The Modern Forests

Of all the forests established in England by the Norman kings, some remnants of the ancient forest system still survive in three. In the Forest of Dean alone the four verderers are still elected as they were in medieval times-by the freeholders of the county called together in County Court by the sheriff. In the New forest their appointment in now regulated by the New Forest Act of 1949, which provides that there shall be ten verderers in that forest: the Official Verderer appointed by the Queen, and four others by the Forestry Commissioners, the Minister of Agriculture and others, together with five elected by the Commoners. The New Forest verderers appoint three agisters to supervise the commonable animals. In Epping Forest also verderers are still appointed: their appointment and functions have been reconstituted by the Epping Forest Act of 1878.

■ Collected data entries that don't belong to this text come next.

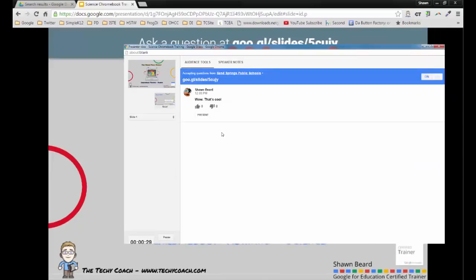Anytime you use presenter view, it keeps a back channel of questions that the audience has asked and you can continue with it later. That also means that when you're done, you can actually go back and review questions from people from a previous presentation and see what they said.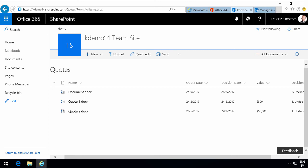Hi, I'm Peter Kalmstrom of Kalmstrom.com Business Solutions. In this demonstration I'll talk to you about reusing a document library and a content type that I've created.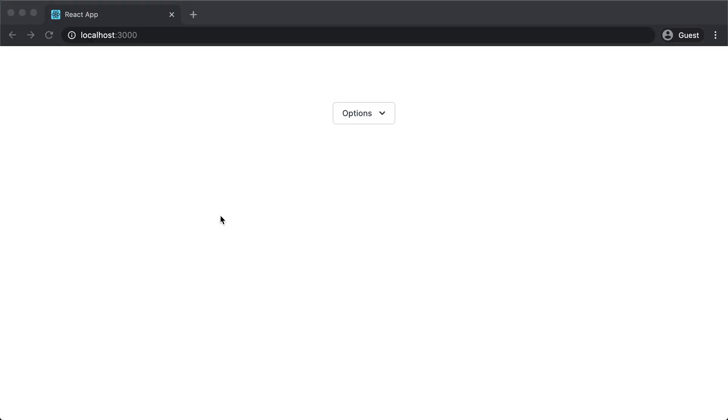Today I want to show you how to build a click outside to close hook, and to best show why I need this, let's take a look at this dropdown menu.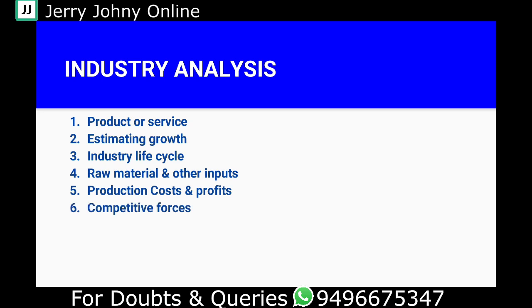The next factor is competitive forces. We look at the level of competition in the industry — what kind of competition exists and how intense it is.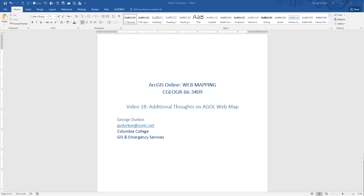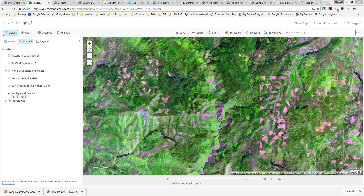George Durkee again with Columbia College GIS. In the first video, we covered some of the basics of setting up an ArcGIS Online map, and as an example, I used setting up a FHIR public information map. I had some additional thoughts on stuff you can add and techniques, so we'll add a little addendum here. The next video will be how to create an app from the web map.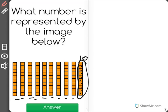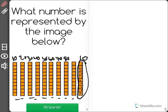So I know that I'm going to be counting by tens. Now I'm going to start on the left over here and count across and see what I end up with. 10, 20, 30, 40, 50, 60, 70, 80, 90, and 100. The number that is represented is 100.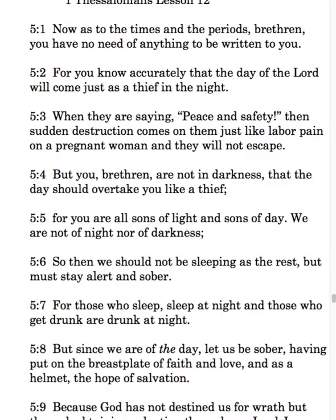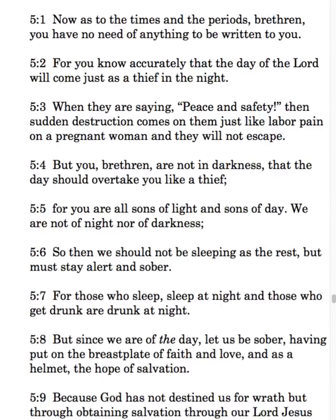But you, brethren, are not in darkness, that the day should overtake you like a thief. For you are all sons of light and sons of day. We are not of night nor of darkness. So then, we should not be sleeping as the rest, but must stay alert and sober. For those who sleep, sleep at night, and those who get drunk, are drunk at night. But since we are of the day, let us be sober, having put on the breastplate of faith and love, and as a helmet, the hope of salvation.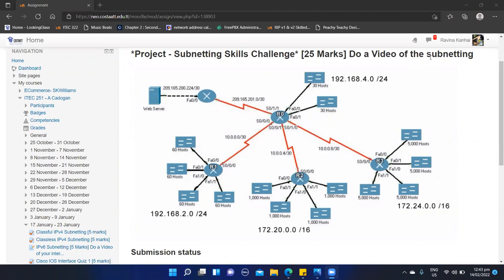As you can see here, we have different classes on each network — class A, class B, and class C. You will also notice that each network requires a different amount of hosts. For network 1, which is the R1 network, we have 60 hosts; R2 has 1,000 hosts and R3 has 5,000 hosts. So let's break this down and go network by network, starting with our R1 network.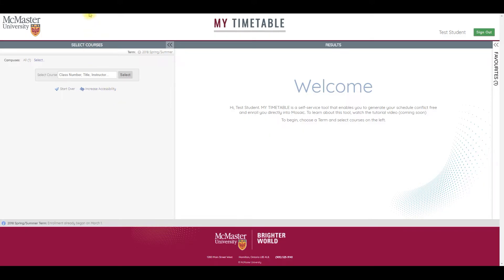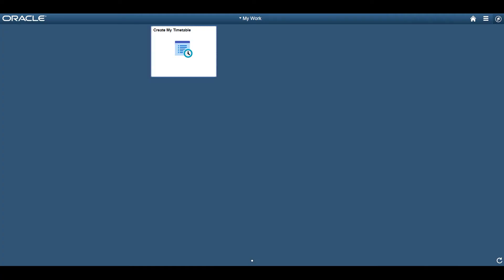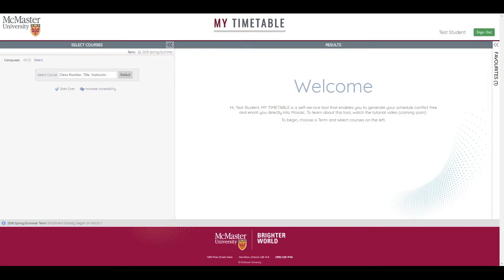You can log into My Timetable by accessing the tile on the homepage of Mosaic called Create My Timetable. You can also access My Timetable through a link in the Student Center. Undergraduate students can access My Timetable just prior to enrollment periods to view classes. Enrollment can be completed at the time of assigned appointments and during open enrollment periods for undergraduate students.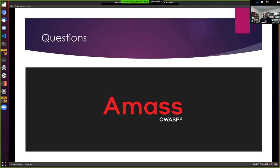Another question: is the order of parameters important to the tool, since you made a point of ending with the minus-d domain name flag? No — the flags can be put in any order you like.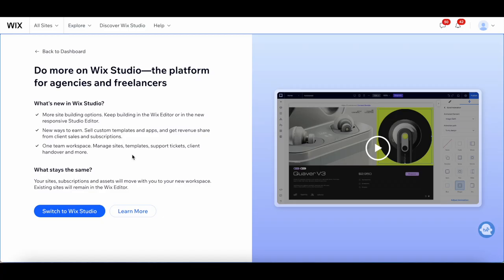There's also a one-team workspace. You're able to manage sites, templates, support tickets, client handover, and more.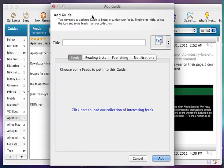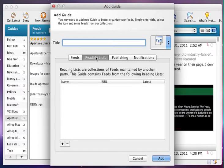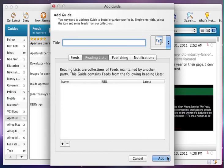It would be even cooler if when I clicked on reading lists, I had immediately a list of possibilities right from AllTop — so anybody could pick directly from Blog Bridge one of the lists from AllTop. Wouldn't that be cool?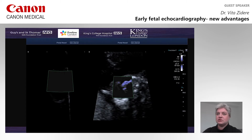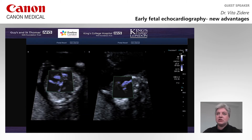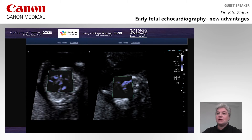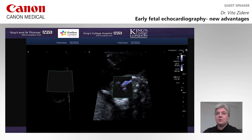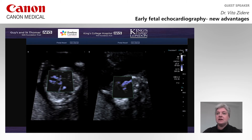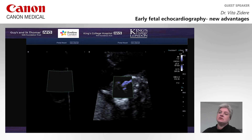We can now see the four-chamber view. Blood pool is highlighted within the ventricles and atriums. The interventricular septum is very well seen. We can also appreciate small vessels — pulmonary veins — returning back to the left atrium, which we were not able to see on previous images.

The purpose and administration of these ancient forests have changed. The Forestry (Transfer of Woods) Act of 1923 transferred the property in them to the Forestry Commissioners, who were made responsible for their care and management. Since 1923 they have been not royal forests, but state forests. The office of Surveyor-General of Woods and Forests, created in the eighteenth century, has been discontinued, but ‘Deputy Surveyors’ manage the New Forest and the Forest of Dean for the Forestry Commissioners. The foresters are mainly responsible for felling, thinning, preparation and sale of timber, and the establishment of new plantations. They are also concerned with recreational facilities and amenities, and the conservation of the forest flora and fauna. The deer have returned despite attempts to kill them off in the middle of the nineteenth century. There are fallow deer in the Forest of Dean and Highmeadow, and in the New Forest there four species- red deer, fallow and roe deer, and the Japanese Sika deer, probably introduced in 1904. In each of the two Ranges of the New Forest there is a Head Keeper, with six beat keepers under him, who take censuses of the deer, cull them in due season, guard against poachers and check pests. They also patrol camp sites and parking and picnic areas.

Rights of common are still exercised in both forests. In the New Forest the most important is common of pasture, which enables about 350 commoners to depasture about 3,000 ponies, 2,000 cattle and a few sheep on about 4,500 acres of open forest throughout the year. Common of mast carries the right to turn pigs on to the forest. The ‘pannage season’ was fixed by medieval custom, but since the New Forest Act of 1964 the Forestry Commissioners, after consultation with the verderers, may fix any suitable term of no less than sixty days. Common of firewood, or estovers, is enjoyed by about eighty commoners. Common of Turbary – the right to cut turf for fuel – and Common of Marl – to dig marl for fertilizer – are now virtually obsolete. Verderers continue to hold their courts in the New Forest and in the Forest of Dean. In the New Forest the duties of the Verderers Court are now mainly administrative, and are concerned with the supervision and administration of rights of common on the open forest. They have statutory powers to make by-laws concerning the number, health and welfare of commoners animals, and payments for marking such animals, and for pigs turned out in pannage time. They can take measures for the burning of the heaths, the clearing of drains, and the repair and maintenance of the forest pounds: these measures they carry out through the agency or with the permission of the Forestry Commissioners. The verderers appoint three agisters whose duty it is to supervise the animals on the forest commons, brand and mark them, collect the grazing fees for the verderers, and attend the Verderers Court. The verderers also have powers for the preservation of the natural beauty and the flora and fauna of the forest. Since they are primarily concerned with the rights of commoners, and the Forestry Commission with timber production, there has naturally in the past been a divergence of interest and policy in the New Forest between these two authorities.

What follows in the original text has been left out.